# Activity
Exactly the lines from the beginning of the records to the line with "Bride wearing Tuscany", both ends included, are to be given again, and pictures are to be left out.

# Task data
- - - -
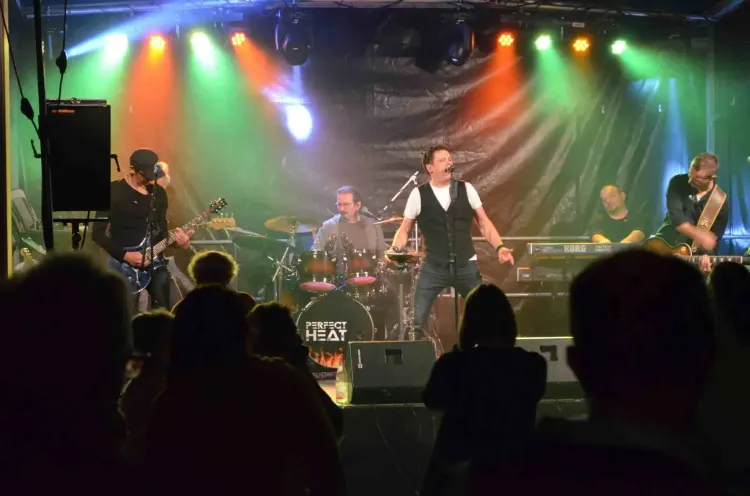 Live-Band spielt auf Bühne vor Publikum mit bunten Scheinwerfern im Hintergrund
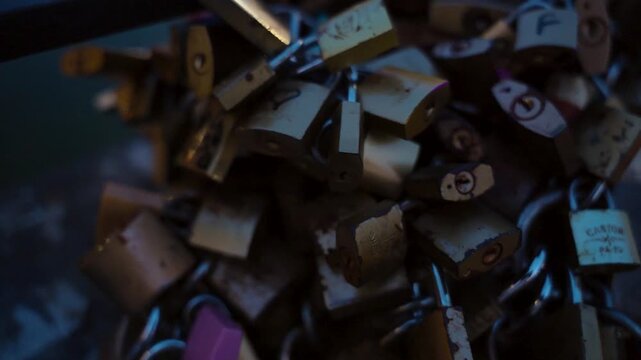 Close up of love padlocks on a bridge in Italy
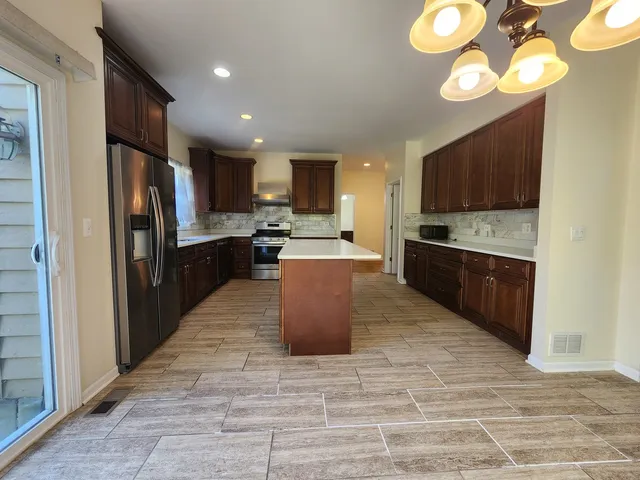 a kitchen with stainless steel appliances granite countertop a refrigerator a stove top oven a sink and dishwasher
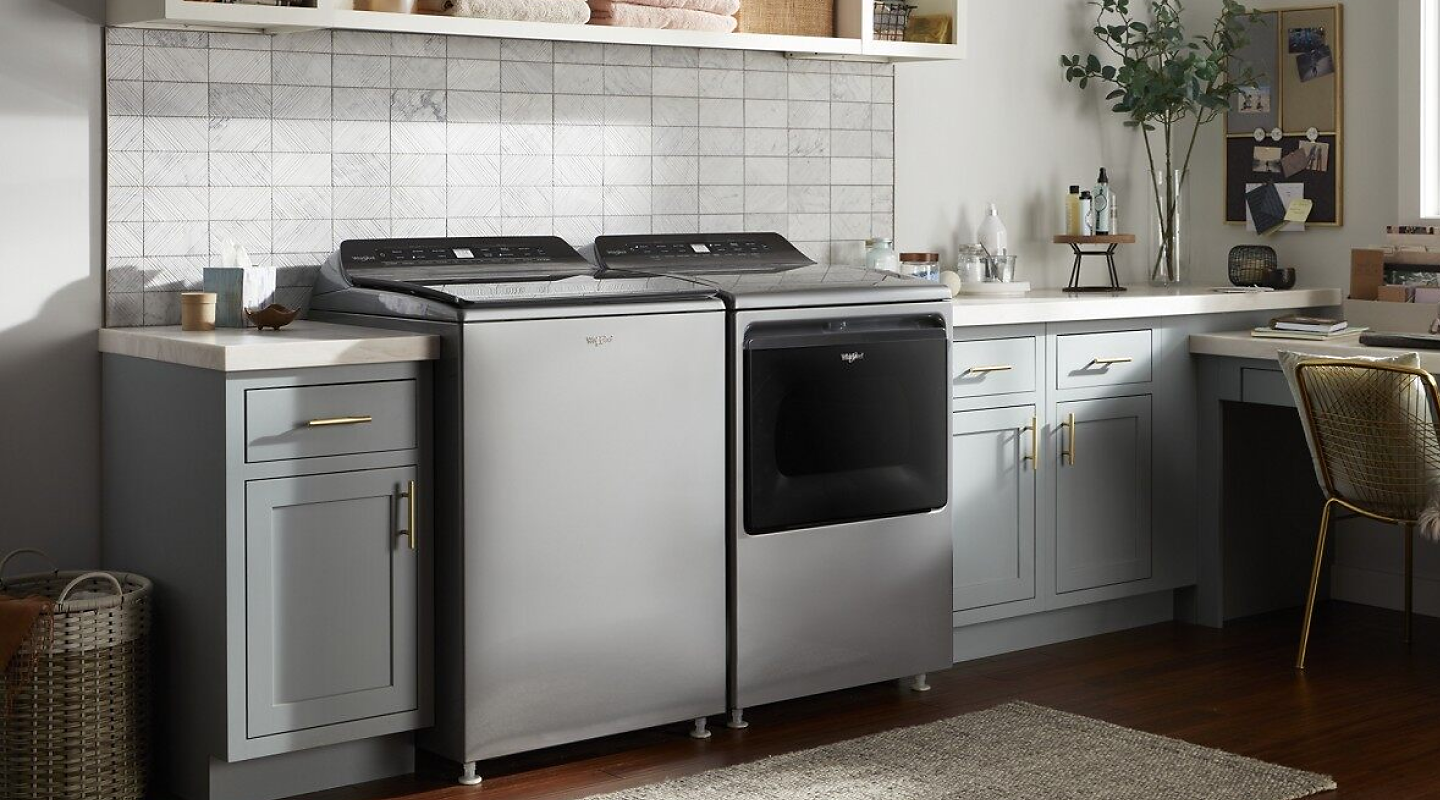Kitchen with Whirlpool®  4.8 cu. ft. Top Load Washer with Pretreat Station and 7.4 cu. ft. Top Load Electric Dryer with Intuitive Controls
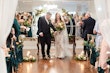 Bride wearing Tuscany Lynette in front of their wedding arch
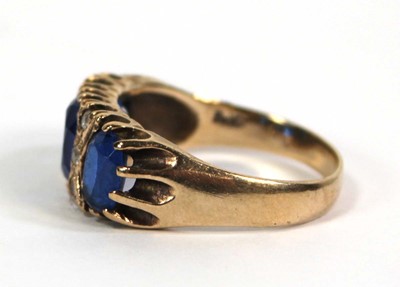 Lot 777 - A 9ct yellow gold dress ring set three oval...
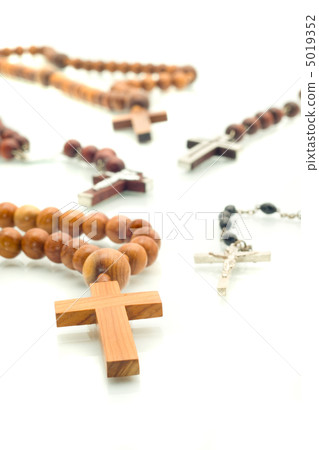 Religion diversity - rosary beads over white 5019352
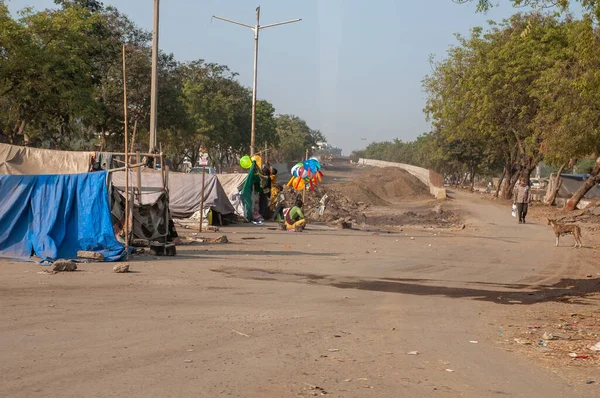 A lot of poor people living in slum out of city.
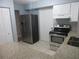 Modern kitchen with granite counters, stainless steel appliances, and white cabinets at 6141 Nw 64Th Ct, Ocala, FL 34482
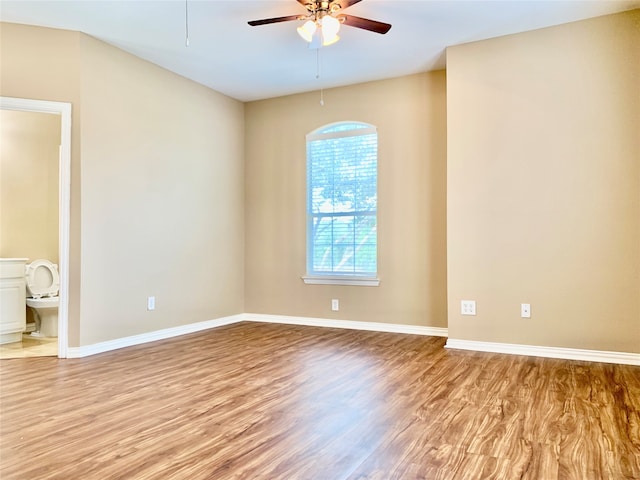 spare room with light hardwood / wood-style floors and ceiling fan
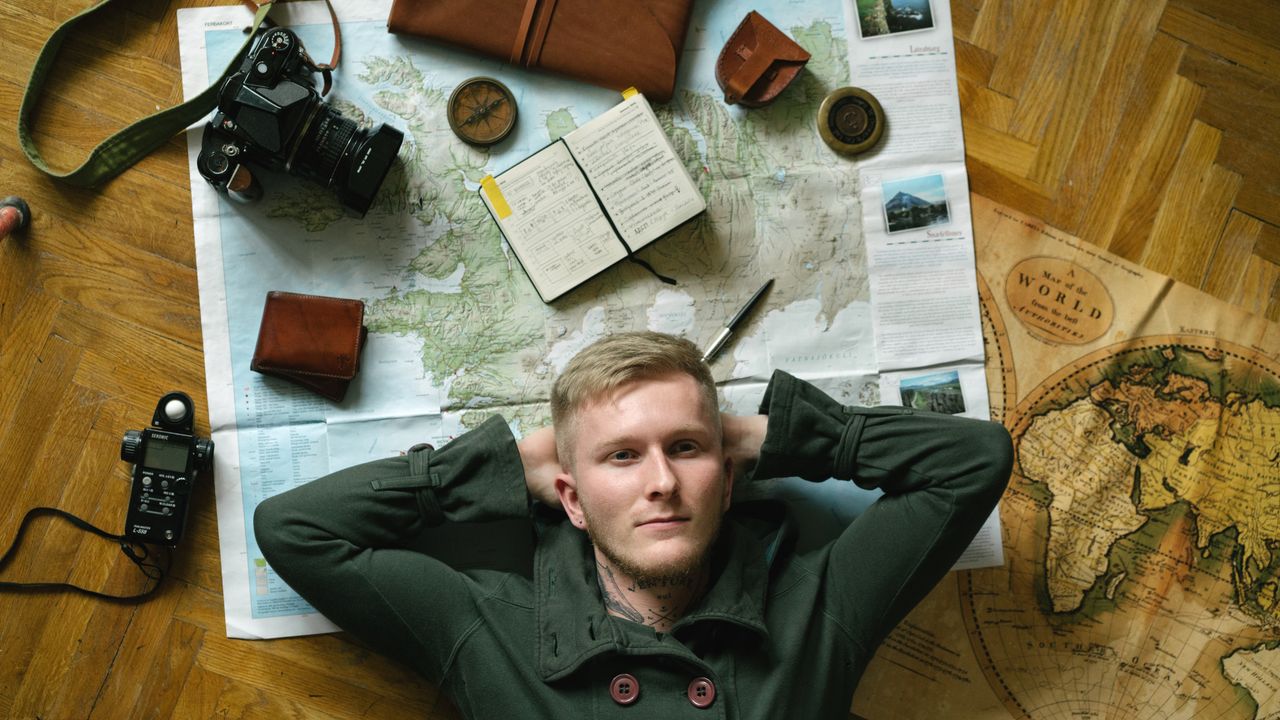 Young traveller planning a trip, surrounded by maps, camera, and notebook.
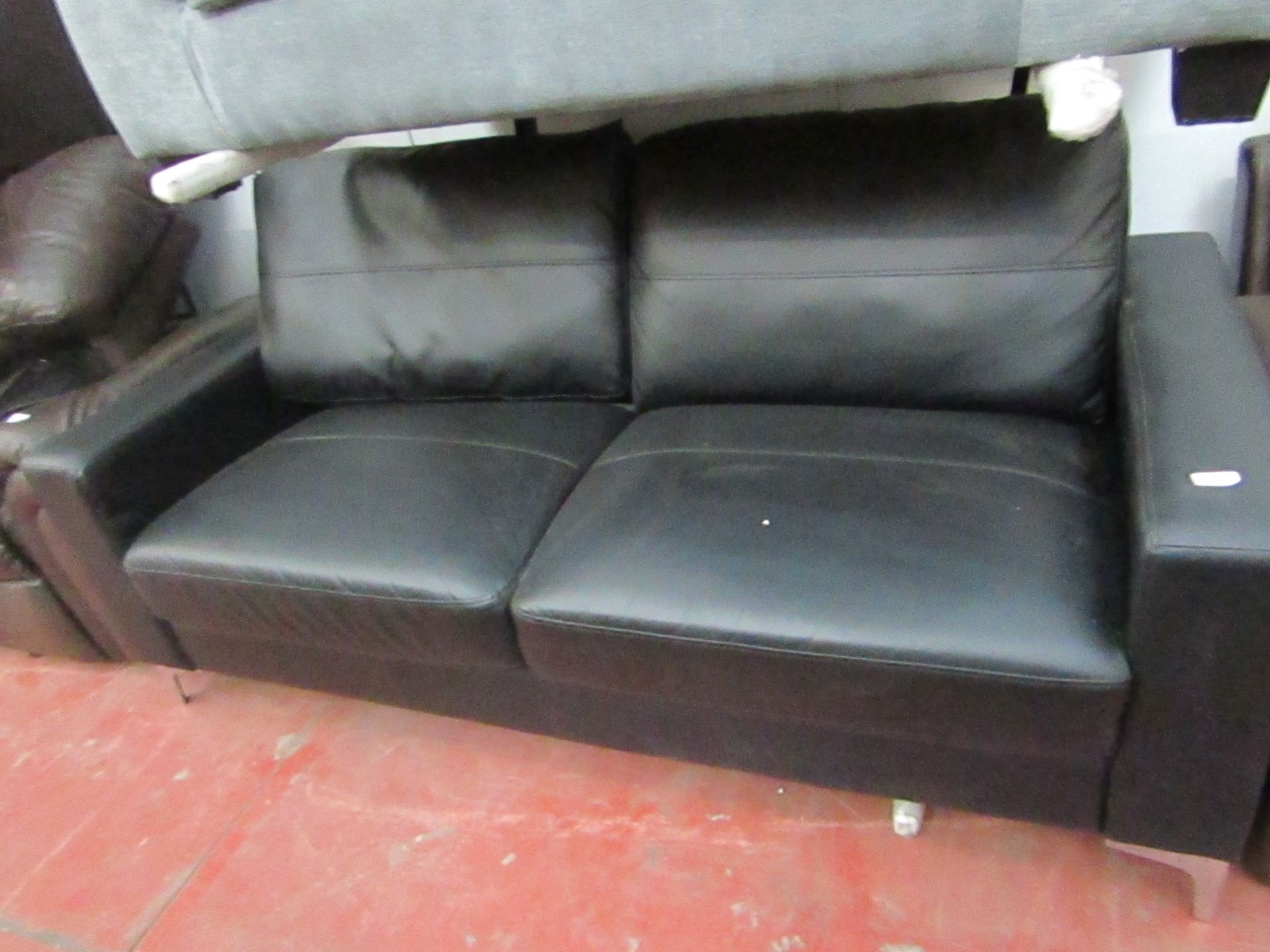 Costco 2 Seater Black Leather style sofa, Damaged back Cushion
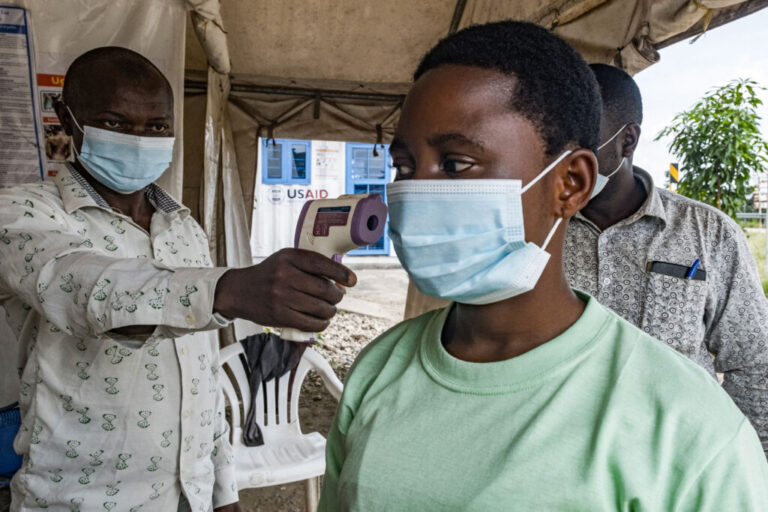 A border health officer at the Busunga crossing between Uganda and the Democratic Republic of Congo checks a traveler's temperature using a contactless infrared thermometer in Bundibugyo, on May 18, 2026. Ugandan officials confirmed that a 59-year-old man from Democratic Republic of Congo had died in Kampala after being admitted earlier in the week. Tests showed the victim in Uganda was infected with the Bundibugyo strain of Ebola, first identified in 2007. The World Health Organization declared an international health emergency on May 17, 2026 over an outbreak of an Ebola strain in the Democratic Republic of Congo that has killed more than 80 and for which there is no vaccine. Fears of further spread grew when a laboratory confirmed a case in the major eastern DRC city of Goma, which is controlled by the Rwanda-backed M23 militia.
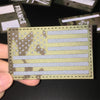 A close-up of a rectangular national flag patch featuring stars and stripes on a green fabric with a textured border.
- - - -
# Result of the exercise
 Live-Band spielt auf Bühne vor Publikum mit bunten Scheinwerfern im Hintergrund
 Close up of love padlocks on a bridge in Italy
 a kitchen with stainless steel appliances granite countertop a refrigerator a stove top oven a sink and dishwasher
Kitchen with Whirlpool®  4.8 cu. ft. Top Load Washer with Pretreat Station and 7.4 cu. ft. Top Load Electric Dryer with Intuitive Controls
 Bride wearing Tuscany Lynette in front of their wedding arch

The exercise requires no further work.